The E3 team collected all of data for the Base Variables (noteably, not for all countries in the world, just the ones relevant to the study) and make a sheet for each. Then in Excel, they conducted all the construction of the indicators. This was a fine thing to do, but made it a serious undertaking when I needed to get the data in a workable format for R where every indicator is on a different sheet surrounded by noise (i.e. words that aren’t data). I used a bunch of strategies I found on the internet and wrangled the data into a usable format for the first version of the dashboard in this file. I then built the first app, only with the data from the 2020 study. The code for that app is available here in Github.

Updating the 2020 Study

After building V1, Rym asked me to try and update the RIM concept with current data and a larger coverage area of Euro-Med-Africa. In my desk research on how to measure regional integration, I gained a hyper-fixation with using bilateral data to measure integration. In the 2020 study, the only region considered was the Union for the Mediterranean. I wanted the flexibility to define any number of regions and study their level of integration. Bilateral data provided that and I fell down a bit of a rabbit hole. In the following sections, I am not going to explain my methodology in very close detail because that is available in the published RIM Dashboard app. I also made this Powerpoint for the EMANES conference explaining what I did. Instead I will focus on the code and how to continue this work.

Defining the Regions

As mentioned, to update the study, I wanted to be able to define regions in a flexible manner and find a way to measure the level of integration within them. I looked at both geographic and institutional regions. I was curious to investigate whether countries are more closely linked to their physical neighbors versus countries that they have entered an institutional consortium with, but I never had time. The geographic regions I sources from the UN geoscheme. The institutional regions in Africa I pulled from the African Regional Integration Index.

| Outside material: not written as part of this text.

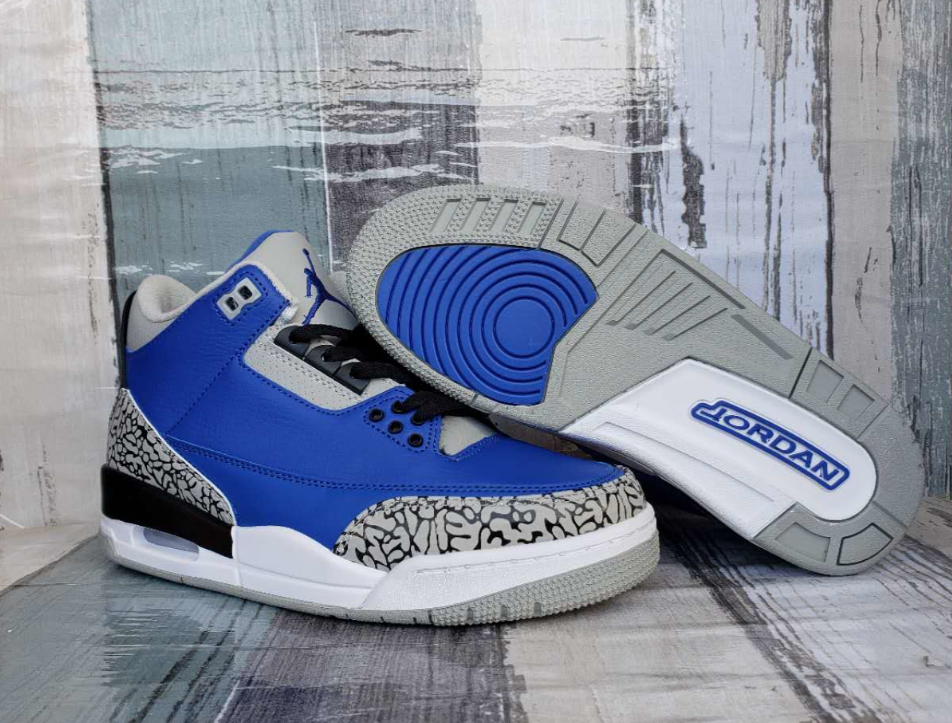 Air Jordan 3 Retro Varsity Royal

I organized the regions I wanted in this Excel file, which is now called regions_old.xlsx. I rather stupidly put the geographic regions in one column and the other each in their own column as a dummy variable. I gave each region a 4 letter code that can be seen in this file the RI Codebook. Then, in order to run my code through all of the regions, I made a file with just the isocodes and a comma separated list of the regions each country belongs to. That file became regions.xlsx here and the code for how I transformed regions_old.xlsx into that format is here in the GitHub called regions.R.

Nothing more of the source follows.